Like the Louvre in Paris, the Metropolitan Museum is a fabulously wealthy storehouse of incalculable value, "a living encyclopedia of world art. Every culture from every part of the world - from Florence to Thebes to Papua New Guinea - from the earliest times to the present and in every medium", "frequently at the highest levels of quality and invention", is represented. Also like the Louvre, its holdings are immense - "more than three million works of art, of which several hundred thousand are on view."
The guide, organized in the same fashion as the museum, suffers only by its inability to represent the museum completely. Choices had to be made. How incredible is it that the museum holds thirty paintings by Monet and the editors of the guide were forced to choose only four? How many museums in the world could lay claim to having five paintings by an artist as illustrious as Vermeer and yet be limited to including only three in their guide?
Having been fortunate enough to indulge in a recent visit to the museum, I can tell you that all five works by Vermeer and all thirty by Monet were as magnificent as one might imagine.
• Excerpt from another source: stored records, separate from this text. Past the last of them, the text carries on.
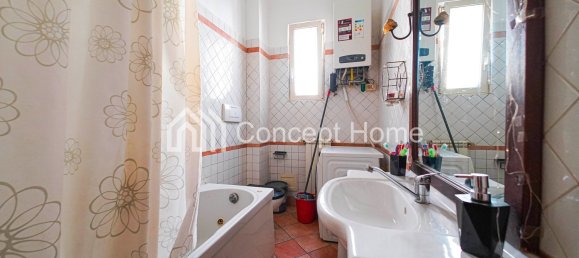 3 rooms Apartment in Rome, Italy No. 30966 12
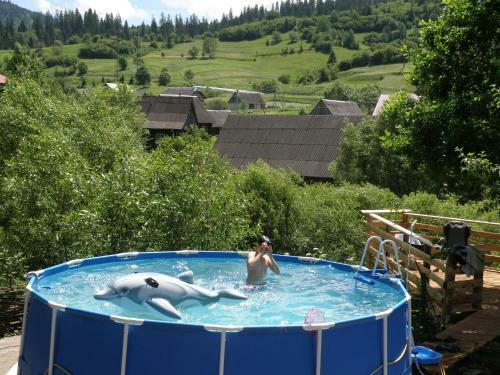 Hostal Salamandra Village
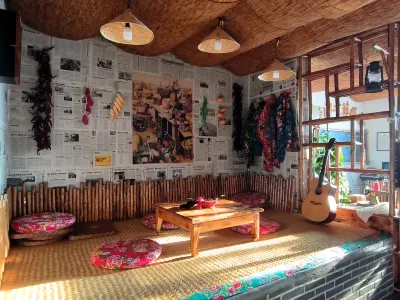 Romantic Tours in Arctic Village Hotel a 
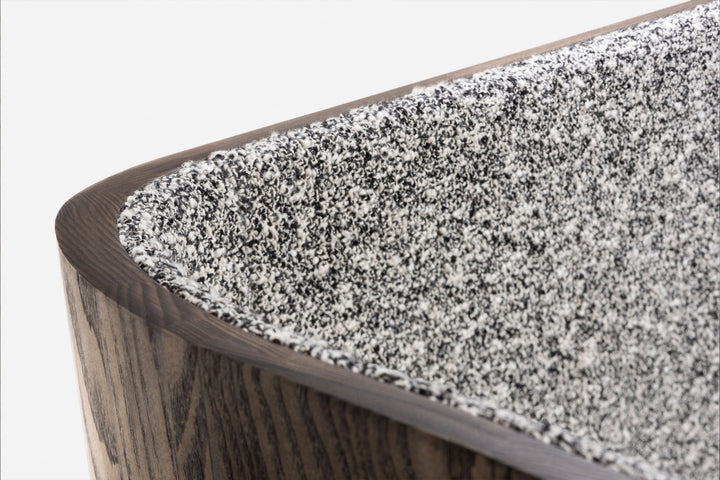 BLACK OILED ASH AND ZERO 004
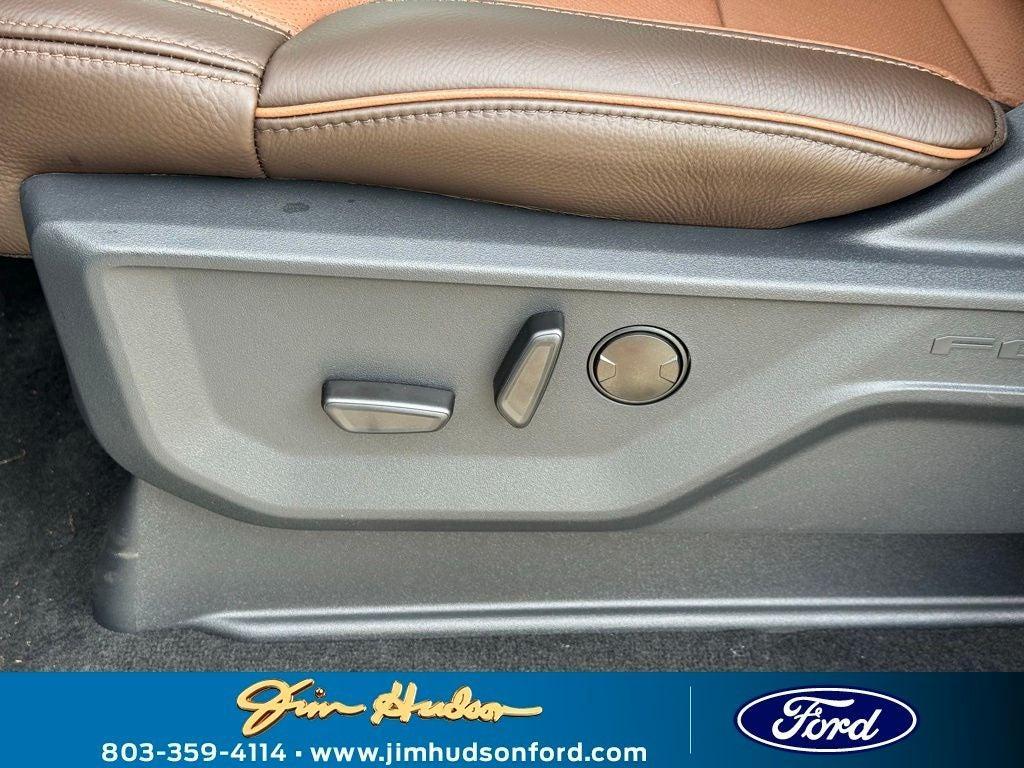 new 2025 Ford Expedition car, priced at $87,910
The guide (a wonderful way to prepare in advance for any upcoming visit) will serve as a memorable souvenir and the descriptive text written by the curatorial staff of the museum will serve to elucidate the history and context of the individual pieces of art that were chosen to best represent the museum as a whole.
Highly recommended as a way of enjoying the world's art even if you think you will never be in a position to enjoy the visit in person.